**TASK BRIEF:** Identify all lines in the data containing the string "Luxury". Copy them out.

+++ SUPPLIED RECORDS

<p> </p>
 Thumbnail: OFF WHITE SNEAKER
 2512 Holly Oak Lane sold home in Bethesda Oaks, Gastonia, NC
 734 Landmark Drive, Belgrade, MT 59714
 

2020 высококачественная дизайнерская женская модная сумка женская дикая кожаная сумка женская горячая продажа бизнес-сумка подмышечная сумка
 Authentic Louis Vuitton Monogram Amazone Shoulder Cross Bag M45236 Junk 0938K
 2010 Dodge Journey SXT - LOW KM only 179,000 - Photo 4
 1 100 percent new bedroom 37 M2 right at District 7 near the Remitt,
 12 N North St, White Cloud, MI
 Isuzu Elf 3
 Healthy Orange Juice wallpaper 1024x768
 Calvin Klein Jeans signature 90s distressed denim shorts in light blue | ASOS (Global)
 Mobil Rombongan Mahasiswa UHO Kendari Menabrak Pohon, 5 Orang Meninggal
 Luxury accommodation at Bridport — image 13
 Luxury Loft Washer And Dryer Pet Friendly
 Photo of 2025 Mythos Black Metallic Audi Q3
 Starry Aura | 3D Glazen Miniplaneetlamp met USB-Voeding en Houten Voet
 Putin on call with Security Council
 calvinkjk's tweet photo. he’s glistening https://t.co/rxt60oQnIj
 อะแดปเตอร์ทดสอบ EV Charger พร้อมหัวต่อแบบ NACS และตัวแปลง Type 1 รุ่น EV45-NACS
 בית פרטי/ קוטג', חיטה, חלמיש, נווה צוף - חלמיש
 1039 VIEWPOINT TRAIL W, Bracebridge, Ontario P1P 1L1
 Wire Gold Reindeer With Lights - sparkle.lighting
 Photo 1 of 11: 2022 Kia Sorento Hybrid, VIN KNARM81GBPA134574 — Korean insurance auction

++++++

**ANSWER:**
 Luxury accommodation at Bridport — image 13
 Luxury Loft Washer And Dryer Pet Friendly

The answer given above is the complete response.